Es costumbre, entre los pueblos orientales, no entrar directamente “en materia”, debe de
haber unos prolegómenos previos, como indican las buenas costumbres de la cortesía.
Se pregunta por la familia, por la salud, y por la buena marcha de la vida en general, con
las consabidas bendiciones y encomiendas a La Divinidad. Así que durante la primera
media hora, entre el zumo y el té con pastas, como allí es costumbre, este fue el eje de la
conversación, entre paréntesis de silencio contemplativo.
Pero era evidente que ambos sentían vivos deseos de “entrar en materia”, así que el
anciano llamó a una de sus nietas para darle alguna instrucción en árabe que, la
chiquilla, corrió a cumplir.
Entretanto hubo tiempo para que la religiosa, allí sentada frente al anciano Sufi, se
dejara llevar por estas reflexiones.

En una sociedad occidental la deferencia de los pueblos árabes hacia los ancianos
pudiera parecer exagerada. Pero es natural, nosotros los enviamos a los asilos -ahora
residencias de la tercera edad-, cuando no tenemos sitio para ellos en la casa, aunque el
perro o el gato sí lo tengan. Nos deshacemos de ellos cuando ya no tenemos tiempo para
dedicarlo a los que nos dieron todo su tiempo, cuando después de darnos todo cuanto
han tenido, ya no nos interesa lo que tienen; la sabiduría que brota del recuerdo.
En los países árabes, por el contrario, el anciano en el seno de la familia es considerado
como una bendición del cielo, es un punto de referencia y cohesión familiar, nada nuevo
se emprende sin oír su opinión, él es el último refugio de los nietos cuando el padre o la
madre amenazan con el castigo. Es jurisconsulto, es Imán –dirigente de la plegaria-, es
consejero y guía, es la reserva espiritual y el transmisor de las tradiciones.
Allí no se conocen los asilos pues, quien tiene un anciano tiene un tesoro y, ¿quién
desechará su tesoro?.

Cuando Sor Maria miraba al anciano, y le escuchaba, tenía presente esta imagen.
Ninguna semejanza había entre la consideración occidental con el anciano, cuyas
palabras se consideran como “las tonterías” habituales de los abuelos que no se enteran
de nada, -porque no se les hace partícipes de nada-, y aquel venerable patriarca.
La religiosa no pudo evitar acordarse de aquella historia que, cuando era niña, la
contaron sobre un abuelo que acababa de morir.

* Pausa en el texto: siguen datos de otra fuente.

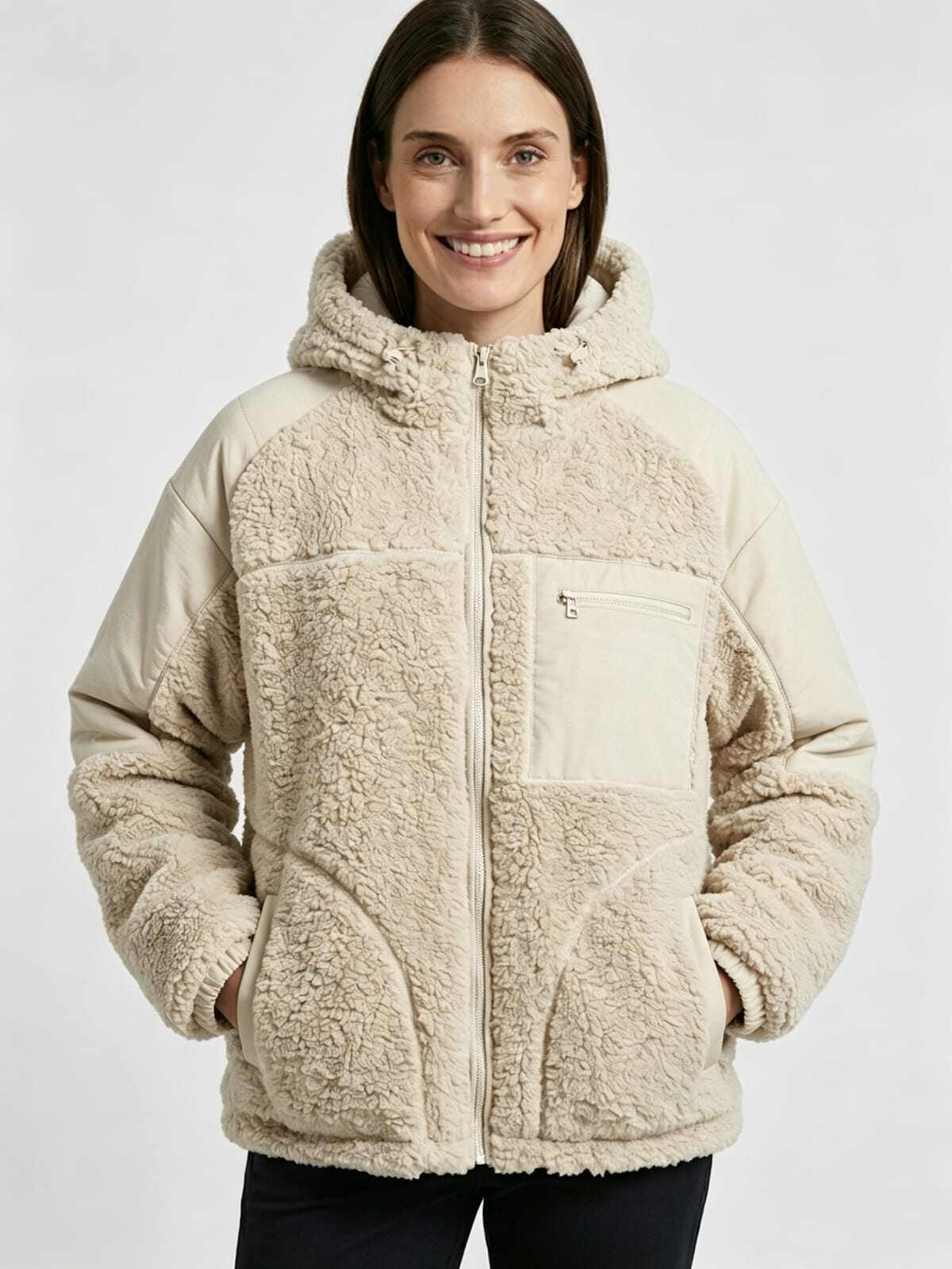 Grossista CHEVERY - Giacca sherpa bicolore con cappuccio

“Cuentan que un hombre, siendo hijo único, se había visto en la obligación de aceptar la
responsabilidad de cuidar la ancianidad de su padre. Pero, con el fin de que “no
molestara”, le había reservado la última habitación de la casa, donde cada día le
llevaban de comer en una escudilla de madera por si rompía algún plato, ya que la
buena vajilla se reservaba, como siempre, para los invitados. Tampoco la comida que le
daban era la apropiada para su edad, sino lo que había quedado del día anterior, o un
puré hecho con la mezcla de sobras de los pucheros. Solo el nieto mayor del abuelo le
llevaba cada día, a escondidas, algún pequeño capricho de su gusto, y era el único que
pasaba parte de su tiempo en conversaciones con él. Hasta que el abuelo murió.
Después del breve entierro, el hombre llamó a su hijo para decirle;

- Atiende hijo mío, ahora que el abuelo ¡por fin! se ha muerto, vamos a tirar todas
sus cosas a la basura para reformar la habitación que ocupaba, de esta forma tendremos
un buen espacio para los invitados.

El hijo del hombre, que sentía un vivo dolor por la pérdida de su abuelo, sabía que nadie
más le abrazaría como él. ¿Quién sería ahora su confidente?. ¿Quién le contaría aquellas
historias?. Y con estos íntimos pensamientos le dio al padre esta respuesta;

- Óyeme, padre, prefiero que dejemos la habitación y las cosas del abuelo como están
pues, algún día, cuando tú seas anciano y no puedas valerte por ti mismo, ese será el
sitio que te tendré reservado. Y tendré para ti lo que tú has tenido para con mi abuelo.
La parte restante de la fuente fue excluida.